TSUKADA, Matsuo (Dept. Bot., Univ. Wash., Seattle, WA 98195 U.S.A.). 1982. Pollen deposition of Alnus rubra Bong. Jap. J. Ecol., 32 : 405-414. Total pollen deposition of Alnus rubra was 5,114 grains per cm^2 at College Hill (47°35′32″N lat., 122°09′09″W long.; alt. 91m), Bellevue, Washington, during the 1975 maximum flowering period (March 23-30). The amount of Alnus pollen deposition on each phenological day (11 : 00-11 : 00) was proportional to the hourly cumulative temperature between 11 : 00 and 15 : 00 hours (r=0.964). During this period, the pollen deposition rose steeply from 6.0±4.0 to 34.4±33.0 (gr cm^<-2> hr^<-1>). Two depositional peaks, 23.3±22.8 (5 : 00-6 : 00) and 42.6±41.6 (16 : 00-17 : 00), were also observed ; in the former case pollen emitted mostly on the preceding day was probably brought down by the descending wet airmass, and in the latter, it was deposited from near-surface (probably below 50 m high) by gradually descending air. Thus, the daily descending air should prevent long distance transportation of Alnus pollen. Taking theoretical analysis of pollen dispersal into the air into account, this fact suggests that the majority of the pollen deposits within a radius of 2.0 km. Out of the total Alnus pollen deposited at the site, about one half (2,435 gr cm^<-2>) were forced to settle on the ground by rains which have the effect to even pollen concentration in a wide region.
KANDA, Fusayuki (Biol.

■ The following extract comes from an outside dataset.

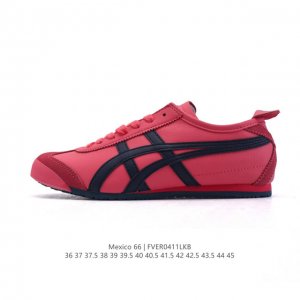 真标 亚瑟士 Onitsuka Tiger Mexico 66 Slip On 鬼冢虎复古时尚 舒适透气皮革鞋面耐磨防滑 休闲运动跑步鞋 虎底采用磨耐防橡滑胶底
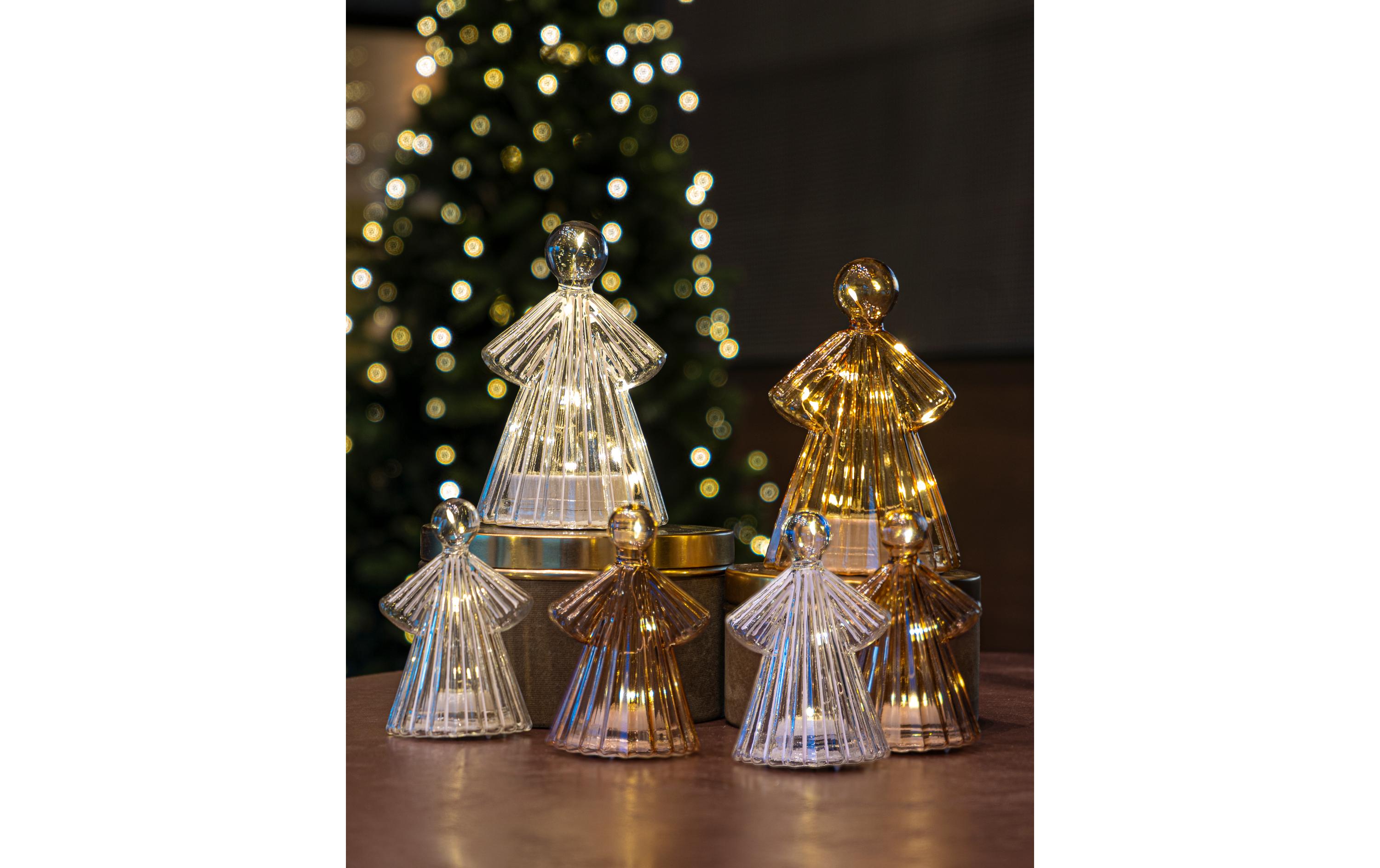 Tischdeko Albert, Ø 9.5 x H 15 cm, BraunWeihnachtliche LED-Dekoration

Lab., Kushiro Coll., Hokkaido Univ. Educ., Kushiro) & SATO, Ken (Biol. Lab., Fac. Gen. Educ., Hokkai Gakuen Univ., Sapporo). 1982. Composition and density of Dictyostelid cellular slime molds in different plant communities formed along altitude of Mt. O-Akan, Hokkaido. Jap. J. Ecol., 32 : 415-425. The occurrence and distribution of Dictyostelid cellular slime molds were studied by means of a clonalisolation technique in relation to altitude of Mount O-Akan which contains alpine communities. Sixteen sites were sampled at elevations between 420m and 1350m. Eight species of cellular slime molds were isolated from the soil samples of thirteen sites. In this study, absolute densities, relative densities and frequencies of the cellular slime molds at each collecting site were calculated. The absolute density of cellular slime molds decreased as the altitude incleased in Mt. O-Akan. This result indicates a climatic influence on the distribution of cellular slime molds.